Tandis que Bruxelles subissait le 22 mars la barbarie, Toulouse répondait le soir même par des exigences de liberté et de solidarité. Quelque 1 500 militants, réunis en meeting régional, ont rappelé que peur et répression restent à jamais les ennemis du progrès.
Le supplice a assez duré. Le projet de loi Travail, c'est la goutte d'eau. « Mais dans quel monde vit-on ? » Laura Pfeiffer ne mâche pas ses mots. L'inspectrice du travail digère très mal la condamnation prononcée par le tribunal correctionnel d'Annecy, en décembre, pour violation du secret professionnel et recel de documents confidentiels appartenant à la société Tefal.
La collusion entre le patronat, le gouvernement et l'État vise à instaurer un climat de peur selon elle. « On vaut mieux que ça ! », rétorque-t-elle à la tribune du meeting organisé au parc des expositions de la ville rose par la CGT, FSU et Solidaires. Sa réponse tient en deux mots : mobilisation et résistance, jusqu'à la victoire : « On ne peut plus la fermer, on doit l'ouvrir ! »
RIEN N'ARRÊTE LA MARCHE DE L'HISTOIRE
L'appel est entendu. La salle, aux couleurs de Midi-Pyrénées et Languedoc-Roussillon, le scande en écho. Il est relayé au micro par des salariés, tout secteur et profession confondus, qui refusent la présomption de trouble à l'ordre public qui leur colle d'office à la peau : infirmières de la Polyclinique de Gascogne (32) et de Pont-de-Chaume (82), Atsem (agent spécialisé des écoles maternelles) et agents hospitalier de Toulouse (31), responsables d'unions départementale et locale (09), syndicalistes d'Air France et de Goodyear, militant d'Airbus Espagne…
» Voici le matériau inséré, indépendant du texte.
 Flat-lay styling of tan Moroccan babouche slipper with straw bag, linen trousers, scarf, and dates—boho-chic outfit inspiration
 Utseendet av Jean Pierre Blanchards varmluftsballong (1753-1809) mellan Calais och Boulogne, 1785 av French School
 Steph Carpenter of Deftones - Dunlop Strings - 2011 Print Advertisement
La fierté le dispute à la colère, avec la conscience que se joue une bataille rangée entre deux choix de société : « Quand on touche à un camarade, on touche à tous les camarades », rappelle Lionel Pastre. La transformation sociale, ses acteurs mais aussi ses structures, est la cible du gouvernement et du Medef. « Or l'Histoire montre que personne n'a pu ni su casser la volonté des salariés qui se sont levés et organisés collectivement pour leur émancipation et le progrès social », ajoute le secrétaire de la région CGT Midi-Pyrénées.
RIEN N'EST ACQUIS, TOUT RESTE À FAIRE
L'action syndicale, consacrée comme liberté fondamentale, est un levier formidable au service des conquêtes sociales et du bien commun. Mais elle devient fragile et inefficace si elle est contrainte, menacée ou rognée par des projets et des réformes réactionnaires tant sur le plan politique que social : « La réforme du code du travail est intervenue il y a 5 ans en Espagne et, malgré les mobilisations, elle nous est tombée dessus. »
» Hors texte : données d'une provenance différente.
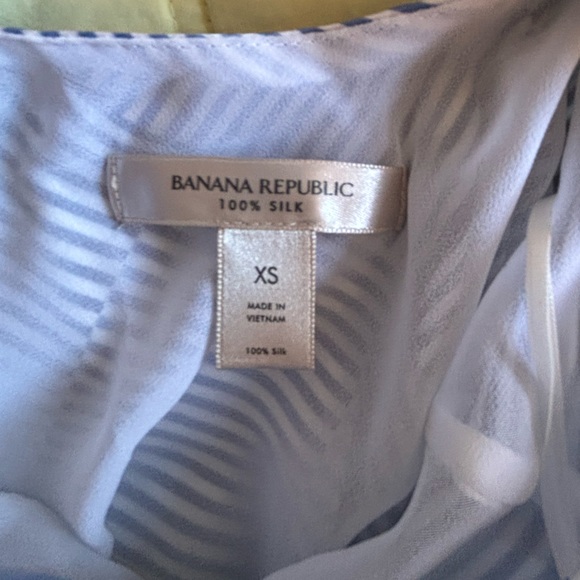 Banana Republic Belay Light Blue Stripe 100% Silk Halter Neck Mini Dress - Picture 3 of 4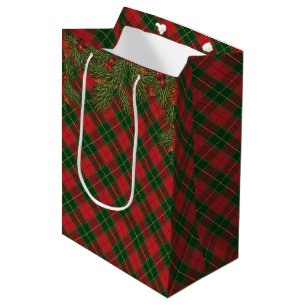 Christmas Traditional Plaid Tartan Medium Gift Bag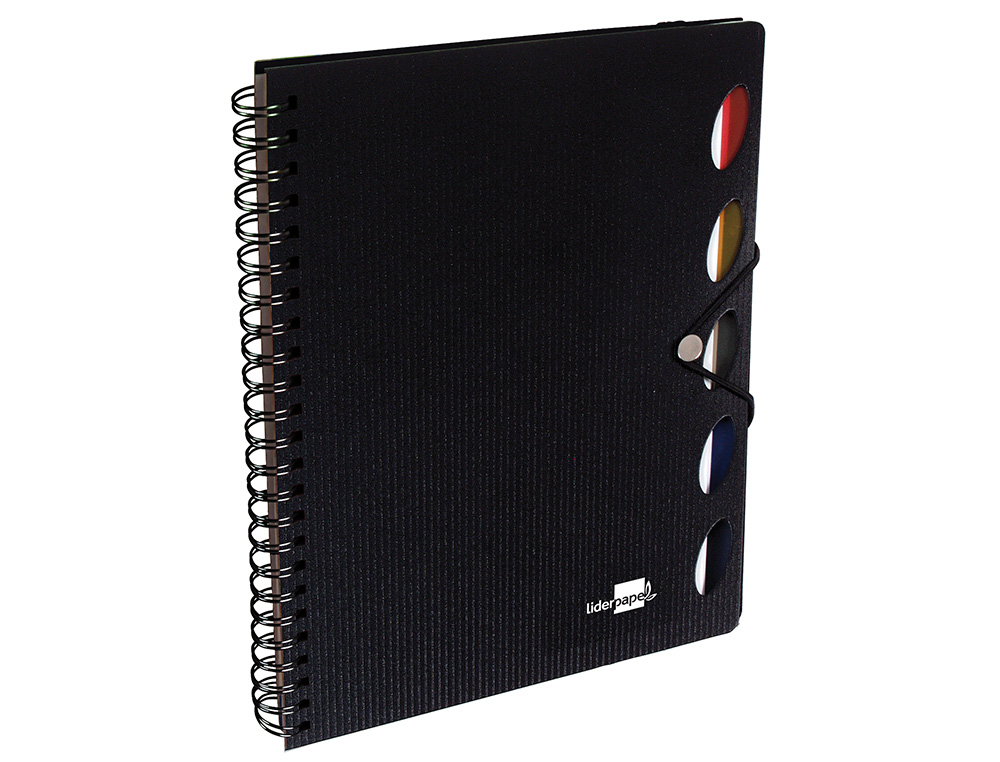 CUADERNO ESPIRAL LIDERPAPEL A4 MICRO EXECUTIVE TAPA PLASTICO 100H 80 GR CUADRO 5MM 5 SEPARADORES CON GOMILLA NEGRO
Quique Gil arrive de Madrid pour témoigner au nom des 300 militants espagnols persécutés au seul titre de leur engagement syndical. Le salarié d'Airbus, rescapé avec huit autres camarades d'une peine pénale de huit ans et trois mois, rappelle aussi à la salle qui lui fait face que rien n'est encore joué en France : « Vous avez encore une chance, le 31 mars dans la rue, de faire échouer le projet du gouvernement. »
À bons entendeurs, salut !
3 QUESTIONS À PHILIPPE MARTINEZ
Le secrétaire général de la CGT était à Toulouse le 22 mars. Il a rappelé l'actualité de la campagne lancée en août : « Pas de conquêtes sociales sans libertés syndicales ».
NVO. Quelque 1 500 militants étaient réunis au parc des expositions, avec le même enthousiasme et la même détermination. Qu'est-ce que cela vous inspire ?
Philippe Martinez. C'est bien de pouvoir rassembler autant de camarades dans une même salle autour d'un sujet important. Ce meeting est important dans une période où le besoin de revendiquer s'exprime jusque dans les rangs de la jeunesse.
Le contexte, social et sécuritaire, a changé depuis le lancement de la campagne confédérale. En est-il de même pour la ligne défendue par la CGT ?
La ligne reste la même, les enjeux aussi. On ne peut pas être indifférent à la barbarie qui frappe Bruxelles après avoir frappé Paris, mais les solutions ne peuvent pas être celles que portent les gouvernements en Europe. Il faut que la démocratie tourne à plein, que les revendications tournent à plein. L'opinion doit se faire entendre.
La discrimination et la répression ne sont pourtant pas des pratiques nouvelles ?
Effectivement. Mais le contexte actuel est à la généralisation de la mise en cause des libertés individuelles et collectives, tandis que le dialogue social ne cesse d'être vanté. Cette seule contradiction, notamment, montre que notre slogan « Pas de conquêtes sociales sans libertés syndicales » est plus pertinent que jamais.